Re: syslogger line-end processing infelicity

Lists: pgsql-hackers
From: Andrew Dunstan <andrew(at)dunslane(dot)net>
To: PostgreSQL-development <pgsql-hackers(at)postgresql(dot)org>
Subject: syslogger line-end processing infelicity
Date: 2007-06-01 21:15:26
Message-ID: 46608C6E.7020807@dunslane.net
Views: Raw Message | Whole Thread | Download mbox | Resend email
Lists: pgsql-hackers


I have been looking at the syslogger code in connection with the CSV log
output proposal, and I'm quite concerned about the way it translates
every \n into \r\n for Windows output. This has several problems, not
least of which is that we can by no means assume that every \n has no
semantic significance. Consider the following:

INSERT INTO mytable (textfield) VALUES ($$abc
def$$);

Now if the line ending there is in fact \r\n we will output \r\r\n for
it, and if it is just \n we will output \r\n, and in neither case will
we be logging what is actually inserted.

My first thought is that we might need to distinguish between newlines
embedded in the query, which shouldn't be touched, from the newline at
the end of the log line.

My second thought is that we should quite possibly abandon this
translation altogether - we know that our COPY code is quite happy with
either style of line ending, as long as the file is consistent, and also
many Windows programs will quite happily read files with Unix style line
endings (e.g. Wordpad, although not Notepad).
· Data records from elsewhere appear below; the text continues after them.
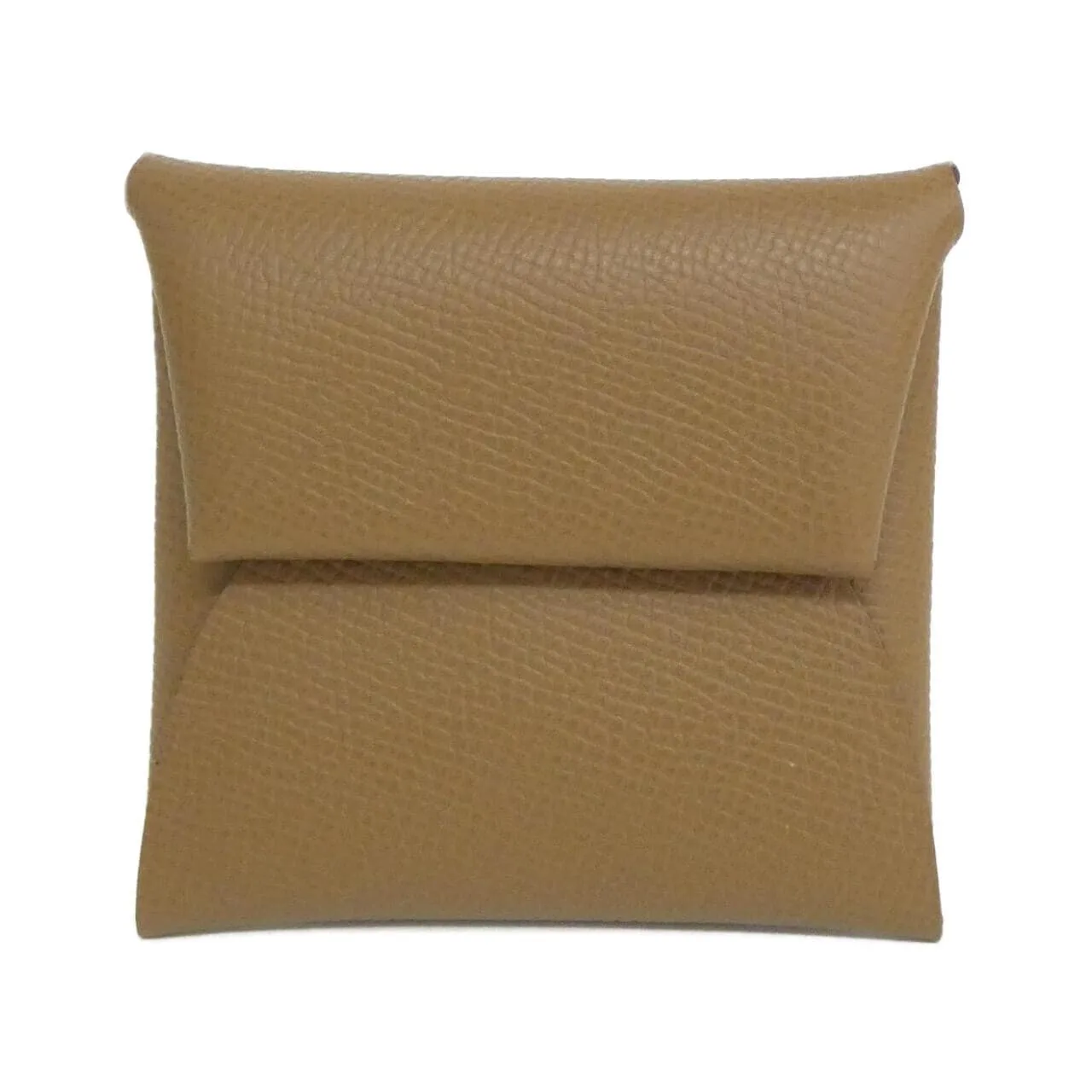 HERMES 041054CK Coin Case Epsom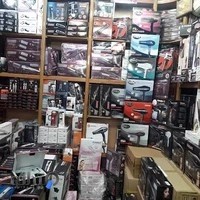 آرایشی بهداشتی سایه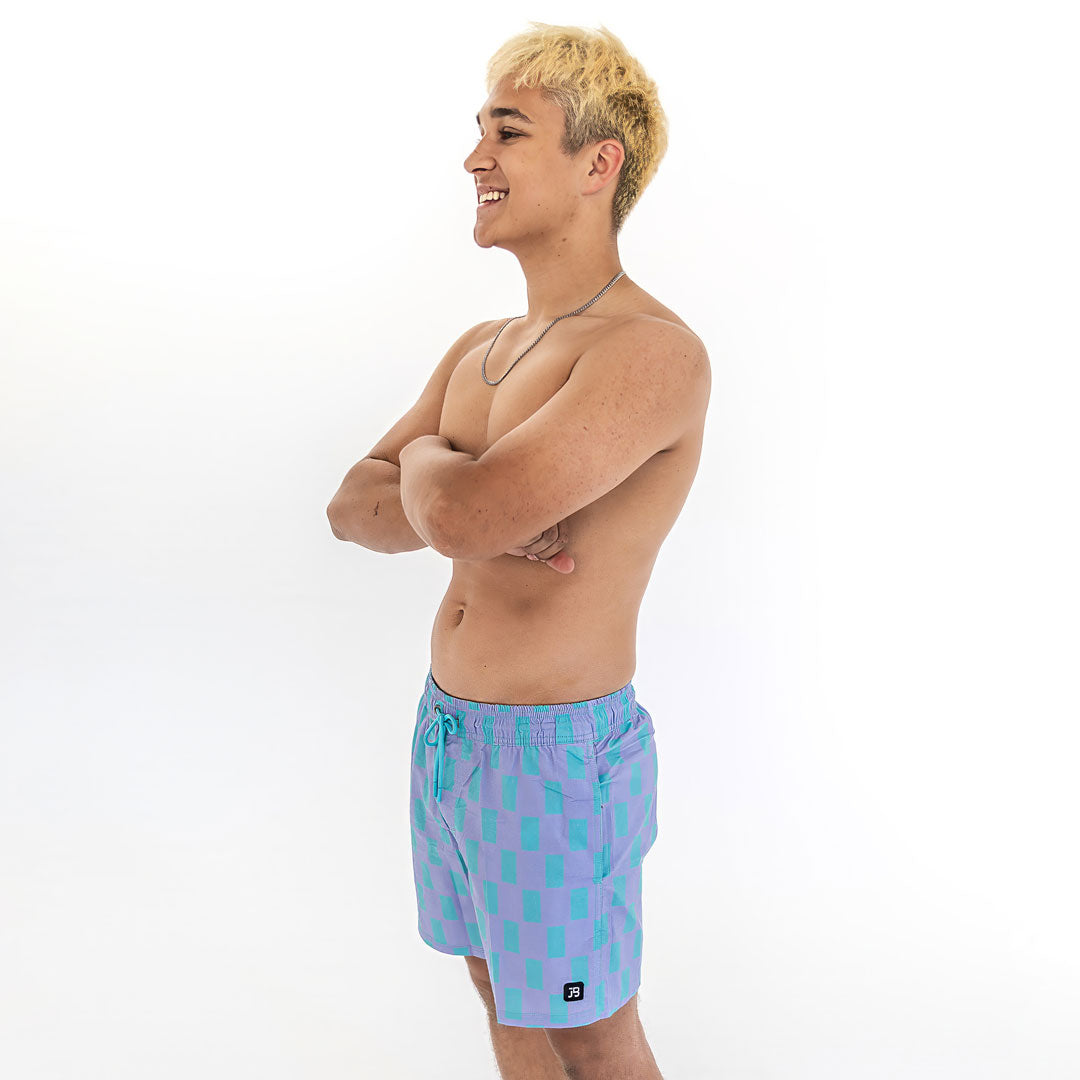 Cruiser Shorts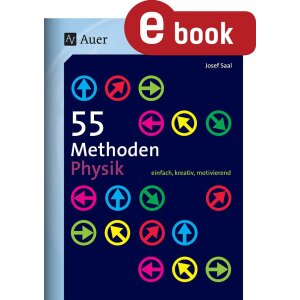 55 Methoden Physik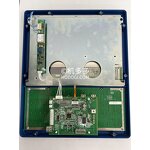 Injection Molding Mainboard Manufacturer - TOYO 5th Gen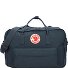 Kanken Weekender reistas 44 cm variant navy Kanken Weekender reistas 44 cm variant navy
My third thought is that even so my first thought has some virtue :-).
We really need to ensure that we only rotate files when we are at a
genuine end of log line - the situation that Greg Smith described of
having the rotator chop a line in two between two files seem wholly
unacceptable.

Thoughts?

cheers

andrew


From: Tom Lane <tgl(at)sss(dot)pgh(dot)pa(dot)us>
To: Andrew Dunstan <andrew(at)dunslane(dot)net>
Cc: PostgreSQL-development <pgsql-hackers(at)postgresql(dot)org>
Subject: Re: syslogger line-end processing infelicity
Date: 2007-06-01 21:33:31
Message-ID: 24146.1180733611@sss.pgh.pa.us
Views: Raw Message | Whole Thread | Download mbox | Resend email
Lists: pgsql-hackers

Andrew Dunstan <andrew(at)dunslane(dot)net> writes:
> I have been looking at the syslogger code in connection with the CSV log
> output proposal, and I'm quite concerned about the way it translates
> every \n into \r\n for Windows output.
> ...
> My second thought is that we should quite possibly abandon this
> translation altogether

+1 on that. The problem of ensuring atomic output remains though
(see nearby complaints from George Pavlov and others). It's bad enough
in the existing logging context, but if we're hoping to make
easily-machine-readable logs it's a "must fix".

regards, tom lane


From: Magnus Hagander <magnus(at)hagander(dot)net>
To: Andrew Dunstan <andrew(at)dunslane(dot)net>
Cc: PostgreSQL-development <pgsql-hackers(at)postgresql(dot)org>
Subject: Re: syslogger line-end processing infelicity
Date: 2007-06-01 21:44:34
Message-ID: 46609342.5080508@hagander.net
Views: Raw Message | Whole Thread | Download mbox | Resend email
Lists: pgsql-hackers

Andrew Dunstan wrote:
>
> I have been looking at the syslogger code in connection with the CSV log
> output proposal, and I'm quite concerned about the way it translates
> every \n into \r\n for Windows output. This has several problems, not
> least of which is that we can by no means assume that every \n has no
> semantic significance. Consider the following:
>
> INSERT INTO mytable (textfield) VALUES ($$abc
> def$$);
>
> Now if the line ending there is in fact \r\n we will output \r\r\n for
> it, and if it is just \n we will output \r\n, and in neither case will
> we be logging what is actually inserted.
>
> My first thought is that we might need to distinguish between newlines
> embedded in the query, which shouldn't be touched, from the newline at
> the end of the log line.
>
> My second thought is that we should quite possibly abandon this
> translation altogether - we know that our COPY code is quite happy with
> either style of line ending, as long as the file is consistent, and also
> many Windows programs will quite happily read files with Unix style line
> endings (e.g. Wordpad, although not Notepad).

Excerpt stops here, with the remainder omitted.